The Fujitsu property includes 826,000-sf of buildings and 75 acres of land available for future development. In 2000, the 12-year-old plant received $350 million in upgrades to convert all production lines to flash memory, the memory used for cell phones and other handheld electronic devices.

It was Fujitsu's first overseas wafer fabrication facility and one of its key production bases for memory products. After the April 2000 upgrade, the economic downturn forced Fujitsu to run the plant at well below capacity. In August 2001, Fujitsu tried to get AMD to buy a 50% share of the Gresham plant, but the deal fell through. Fujitsu announced the plant's year-end closure and its ultimate sale in November 2001.

Breuer and Brooks, working with Stephen Rothrock out of Colliers' Seattle office, flew to Tokyo to make sure their opinion was heard about how the property should be marketed. While Fujitsu's advisors in the disposition thought the plant should be decommissioned and parted out, the Colliers teams argued that the highest price could be had by selling a ready-to-operate facility to another chip manufacturer.

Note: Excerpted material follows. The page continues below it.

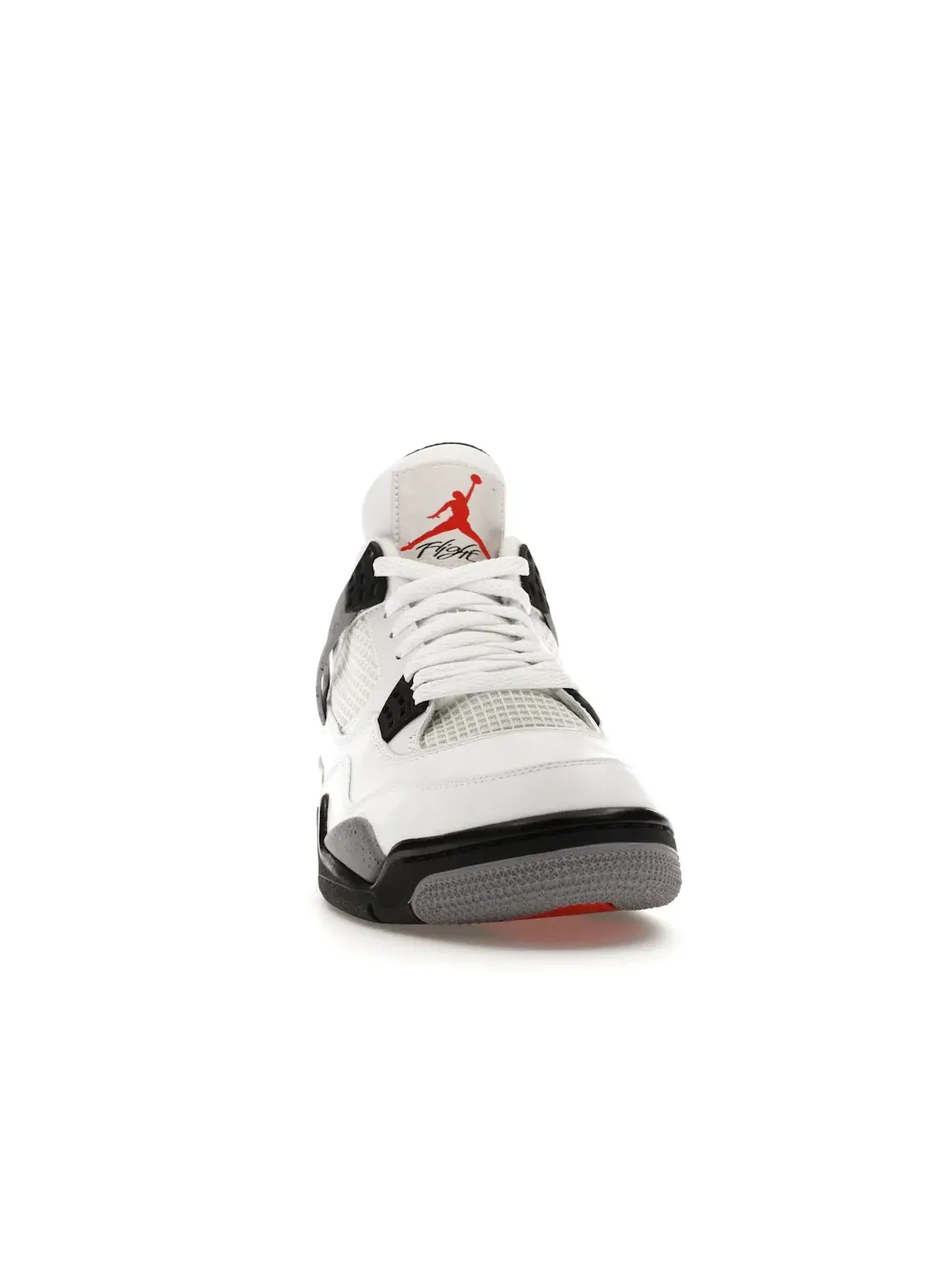 Мужские кроссовки с классическим дизайном Jordan 4 Retro Jordan — изображение 2 из 4, белый/черный-серый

The trio's effort resulted in the listing being given to them on March 8, 2002, but there wasn't much time. The $5-million-a-month cost to keep the plant ready for another company's use would fast eat away at the higher sales price Colliers promised it could achieve.

Within 30 days of the trip a marketing plan was in place and 300 potential buyers were being contacted. The Colliers marketing team created a horserace by giving interested parties 40 days to tour the facility, another 20 days to submit LOIs and then another 30 days for negotiating a formal purchase and sale agreement.

On the first day of the 40-day tour window, there were three requests for tours. After the Colliers brokers circumvented a few more roadblocks regarding how much information about the plant could be given out to prospective buyers, Microchip Technology toured the facility on the 15th day and made an oral offer the same day that was contingent upon Fujitsu taking the property off the market and halting the offering memorandum process.

To help seal the deal, the City of Gresham, Multnomah County and the state put together a package of more than $17 million in tax breaks in record time.

In the office transaction of the year, Colliers brokers shuffled several tenants between Lloyd District buildings controlled by Ashforth Pacific in order to create 40,000 sf of expansion room for Liberty Northwest Insurance in Liberty Center, a 280,000-sf building that was 100% leased.

The expansion room was necessary because Liberty Northwest had acquired North Pacific, which had an office in Beaverton that Liberty wanted to consolidate into the Lloyd District. Holzgang, luckily, had placed two of Liberty Center' tenants, including Paccess, an independent packaging supplier, which turned out to be interested in downsizing from its current lease of 22,700 sf.

Ultimately, Paccess was relocated from the middle of Liberty Center to the top of Lloyd 700, an older 16-story office building Ashforth owns in the district. To create the rest of the needed space, Ameriquest was also relocated to Lloyd 700 and Principal Financial relocated outside the Ashforth portfolio.

The moves not only gave Liberty Northwest the space it wanted, it saved the company $600,000. As well, it saved Paccess an estimated $1 million in lease payments and dramatically improved its view.